EXERCISE PROMPT
Return each line below holding the string "Casual".

STUDY MATERIAL
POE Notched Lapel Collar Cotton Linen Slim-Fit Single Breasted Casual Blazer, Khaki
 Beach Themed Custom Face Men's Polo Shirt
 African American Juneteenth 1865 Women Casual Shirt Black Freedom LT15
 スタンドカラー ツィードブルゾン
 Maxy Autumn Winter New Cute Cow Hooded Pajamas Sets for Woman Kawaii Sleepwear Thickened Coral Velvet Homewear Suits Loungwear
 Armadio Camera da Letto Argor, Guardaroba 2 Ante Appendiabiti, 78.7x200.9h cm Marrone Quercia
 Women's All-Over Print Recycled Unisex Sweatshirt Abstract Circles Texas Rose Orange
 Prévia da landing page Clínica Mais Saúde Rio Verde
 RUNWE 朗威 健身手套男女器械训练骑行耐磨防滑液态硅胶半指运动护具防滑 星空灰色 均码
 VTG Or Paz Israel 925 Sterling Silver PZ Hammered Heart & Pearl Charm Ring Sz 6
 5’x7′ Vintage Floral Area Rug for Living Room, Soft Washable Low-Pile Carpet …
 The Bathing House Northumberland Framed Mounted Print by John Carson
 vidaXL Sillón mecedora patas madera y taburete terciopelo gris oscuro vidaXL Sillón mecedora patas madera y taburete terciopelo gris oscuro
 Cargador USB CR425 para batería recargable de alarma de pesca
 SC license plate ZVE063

TASK OUTPUT
POE Notched Lapel Collar Cotton Linen Slim-Fit Single Breasted Casual Blazer, Khaki
 African American Juneteenth 1865 Women Casual Shirt Black Freedom LT15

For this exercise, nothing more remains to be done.